Du côté du contenu, j’ai opté pour un personnage autofictif, Élie, afin de donner du réalisme au récit. En effet, comme moi, Élie a 20 ans, a une sœur enceinte et décide de s’embarquer vers la Russie. Or, elle est déprimée et cherche à s’évader par le voyage. Elle choisit d’ailleurs la destination au hasard. De là, elle constate que, même à l’autre bout du monde, tout la ramène chez elle, par la comparaison qu’elle fait inconsciemment entre la Russie et le Québec. Cette comparaison est d’ailleurs l’un des facteurs clés du récit de voyage. Elle consiste à associer les éléments inconnus d’une autre culture à des référents de notre propre culture. De cette manière, ces éléments deviennent compréhensibles.

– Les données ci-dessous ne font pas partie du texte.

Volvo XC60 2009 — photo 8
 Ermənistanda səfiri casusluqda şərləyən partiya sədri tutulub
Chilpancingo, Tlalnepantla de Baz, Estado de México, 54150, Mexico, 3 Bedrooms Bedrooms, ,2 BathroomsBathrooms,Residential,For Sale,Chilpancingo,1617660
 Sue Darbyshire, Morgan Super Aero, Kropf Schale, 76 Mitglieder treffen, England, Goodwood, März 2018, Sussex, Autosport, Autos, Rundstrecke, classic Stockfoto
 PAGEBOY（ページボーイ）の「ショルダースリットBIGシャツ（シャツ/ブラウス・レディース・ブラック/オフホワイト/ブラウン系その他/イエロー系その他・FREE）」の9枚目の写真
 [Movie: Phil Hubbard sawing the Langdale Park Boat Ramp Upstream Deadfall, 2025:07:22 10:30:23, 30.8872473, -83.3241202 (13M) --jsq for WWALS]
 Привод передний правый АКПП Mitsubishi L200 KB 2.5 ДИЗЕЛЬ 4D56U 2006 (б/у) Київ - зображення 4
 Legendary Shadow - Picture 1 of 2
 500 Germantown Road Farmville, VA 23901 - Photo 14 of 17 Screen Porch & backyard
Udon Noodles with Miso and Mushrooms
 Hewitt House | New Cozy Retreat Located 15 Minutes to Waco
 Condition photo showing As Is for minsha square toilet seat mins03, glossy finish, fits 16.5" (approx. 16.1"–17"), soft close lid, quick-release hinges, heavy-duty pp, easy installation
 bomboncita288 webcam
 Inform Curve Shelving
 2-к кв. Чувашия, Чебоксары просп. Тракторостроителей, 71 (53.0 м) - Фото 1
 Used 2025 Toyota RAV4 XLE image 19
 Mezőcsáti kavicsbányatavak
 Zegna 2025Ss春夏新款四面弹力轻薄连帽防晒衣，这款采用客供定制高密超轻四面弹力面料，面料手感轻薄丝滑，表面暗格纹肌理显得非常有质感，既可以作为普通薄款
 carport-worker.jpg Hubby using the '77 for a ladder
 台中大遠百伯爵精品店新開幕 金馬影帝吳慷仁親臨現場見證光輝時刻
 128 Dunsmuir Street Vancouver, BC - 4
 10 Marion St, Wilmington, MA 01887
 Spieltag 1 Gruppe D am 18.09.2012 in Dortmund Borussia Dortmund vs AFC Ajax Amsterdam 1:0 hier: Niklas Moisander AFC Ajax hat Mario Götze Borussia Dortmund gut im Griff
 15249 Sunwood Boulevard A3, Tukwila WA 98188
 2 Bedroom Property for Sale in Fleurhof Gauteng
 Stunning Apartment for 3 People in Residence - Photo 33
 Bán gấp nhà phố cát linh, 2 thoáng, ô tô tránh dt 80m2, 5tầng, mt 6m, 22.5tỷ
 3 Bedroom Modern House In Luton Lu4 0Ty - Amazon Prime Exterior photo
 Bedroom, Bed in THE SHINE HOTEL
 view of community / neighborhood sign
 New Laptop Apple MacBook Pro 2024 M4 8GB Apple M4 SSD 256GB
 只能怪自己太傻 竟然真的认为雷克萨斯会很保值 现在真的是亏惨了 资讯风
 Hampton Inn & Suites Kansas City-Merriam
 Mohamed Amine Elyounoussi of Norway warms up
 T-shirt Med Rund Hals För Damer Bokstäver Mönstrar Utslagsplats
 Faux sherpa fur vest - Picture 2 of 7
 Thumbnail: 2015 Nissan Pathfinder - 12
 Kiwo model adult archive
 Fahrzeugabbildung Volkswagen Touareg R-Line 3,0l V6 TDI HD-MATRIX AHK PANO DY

La fin est laissée un peu en suspens, Élie décide d’aller, à nouveau, voir ailleurs, mais elle reçoit un message de sa sœur qui vient d’accoucher. Je trouvais intéressant de laisser deux hypothèses au lecteur afin qu’il puisse poursuivre une réflexion non seulement vis-à-vis l’histoire d’Élie, mais au sujet du voyage en général. Bien qu’à l’époque actuelle la découverte des territoires et continents soit révolue, il n’en demeure pas moins que les grands voyageurs cherchent toujours à transmettre leurs récits. Toutefois, aujourd’hui, l’incroyable et l’inédit priment sur le reste, comme observé dans les trois récits de voyage analysés dans le Volet analyse du Projet. Effectivement, tandis que l’un traversait l’Afghanistan à pied, l’autre jouait les touristes en Birmanie et le dernier retournait au mode de vie nomade en Mongolie. Ces trois périples sortaient du commun, ce qui les rendait pertinents. Dans le domaine de la fiction, on adopte souvent le voyage d’un point de vue plus psychologique. Il consiste habituellement en une réflexion plutôt qu’une découverte ou exploration (le road-trip fait souvent partie de cette catégorie). Dans mon cas, j’ai voulu amalgamer ces deux techniques pour amener mon récit à un autre niveau. On y retrouve alors toute la psychologie du personnage et sa réflexion sur le voyage, ainsi que la découverte de la Russie, certains faits et mœurs du pays.